All of the records below need to be written out exactly, but without the pictures.

--- DATA SUPPLIED ---

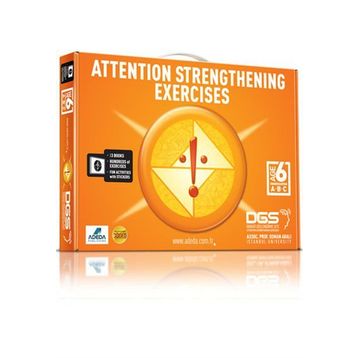 Attention Strengthening Exercises Dikkati Güçlendirme Seti Anasınıfı 6 Yaş İngilizce - Osman Abalı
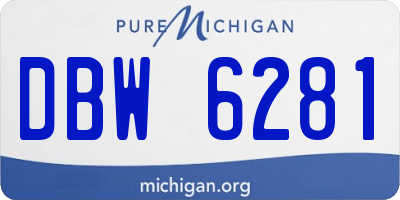 MI license plate DBW6281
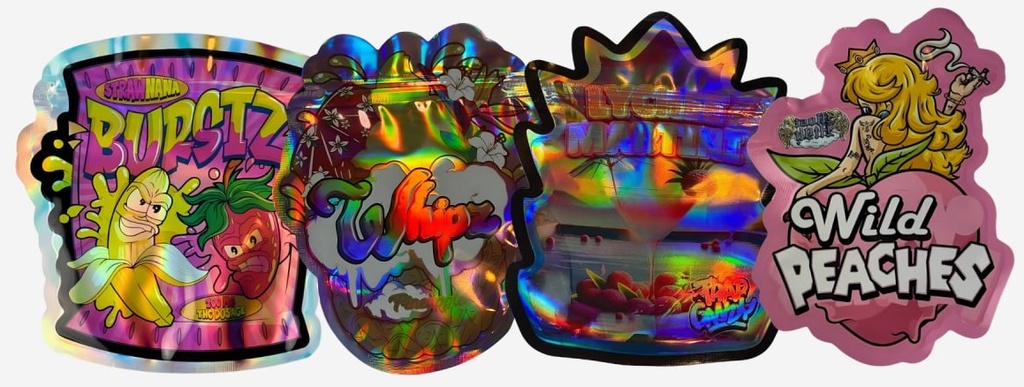 [CALIBAG_3X4] 12 Cali-Bags, 4 verschiedene Motive jeweils 3 x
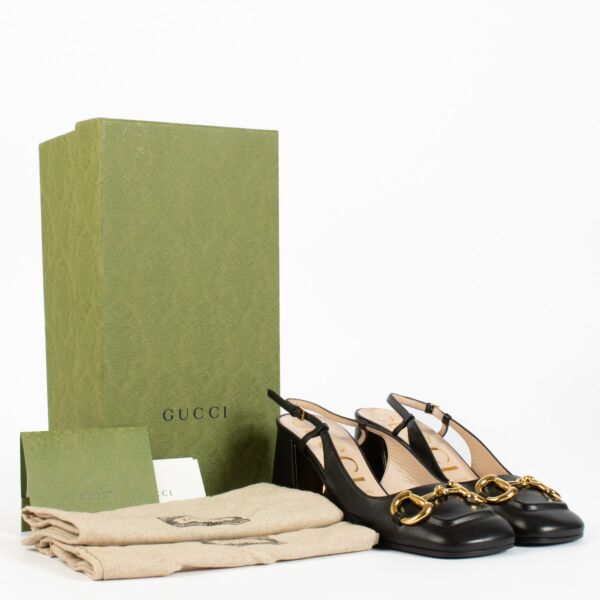 Gucci Black Horsebit Pumps — Size 37.5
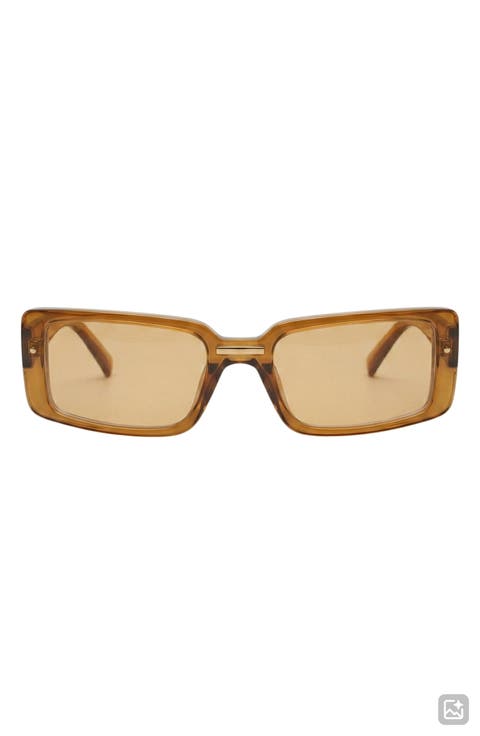 Blaire 65mm Oversize Gradient Rectangular Sunglasses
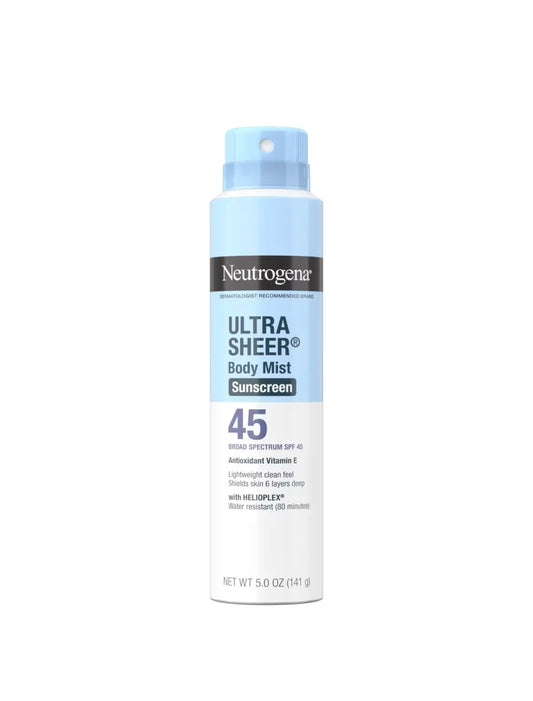 Neutrogena Ultra Sheer Body Mist Sunscreen Broad Spectrum SPF 45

---

* **EXPECTED ANSWER**:
 Attention Strengthening Exercises Dikkati Güçlendirme Seti Anasınıfı 6 Yaş İngilizce - Osman Abalı
 MI license plate DBW6281
 [CALIBAG_3X4] 12 Cali-Bags, 4 verschiedene Motive jeweils 3 x
 Gucci Black Horsebit Pumps — Size 37.5
 Blaire 65mm Oversize Gradient Rectangular Sunglasses
 Neutrogena Ultra Sheer Body Mist Sunscreen Broad Spectrum SPF 45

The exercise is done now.